• _Problem statement_
Word for word, copy the entire listing below, but do not carry over any pictures.

• _Supplied data_
════════════════════
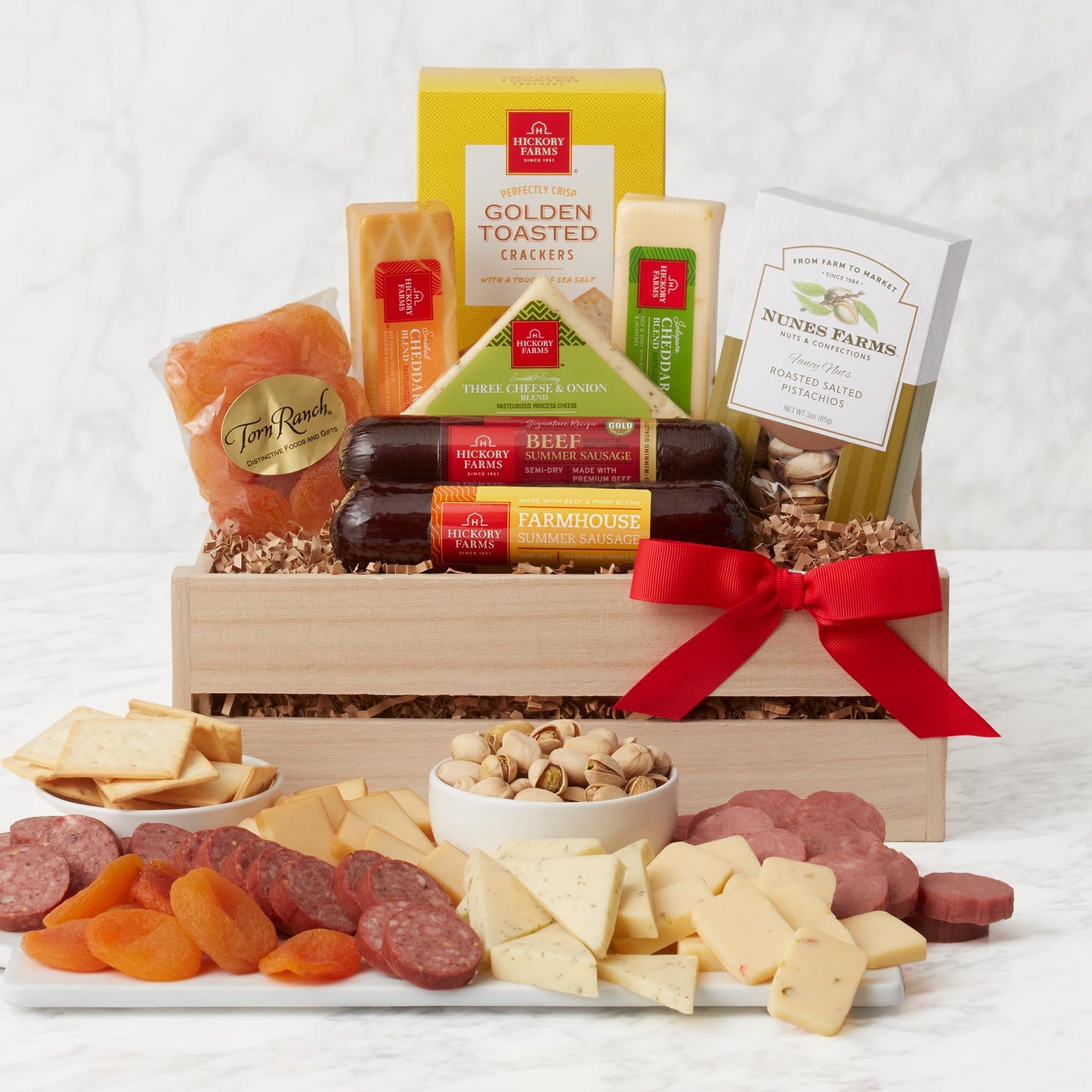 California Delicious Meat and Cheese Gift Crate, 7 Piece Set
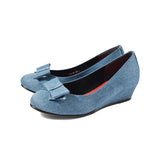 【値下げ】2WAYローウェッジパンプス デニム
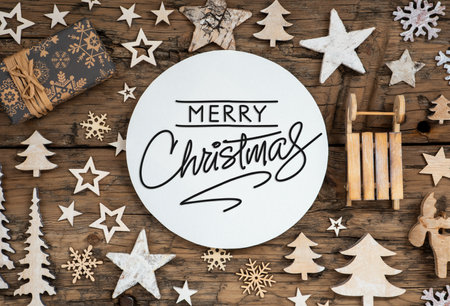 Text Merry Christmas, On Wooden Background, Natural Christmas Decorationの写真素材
════════════════════
• _Answer space_
 California Delicious Meat and Cheese Gift Crate, 7 Piece Set
 【値下げ】2WAYローウェッジパンプス デニム
 Text Merry Christmas, On Wooden Background, Natural Christmas Decorationの写真素材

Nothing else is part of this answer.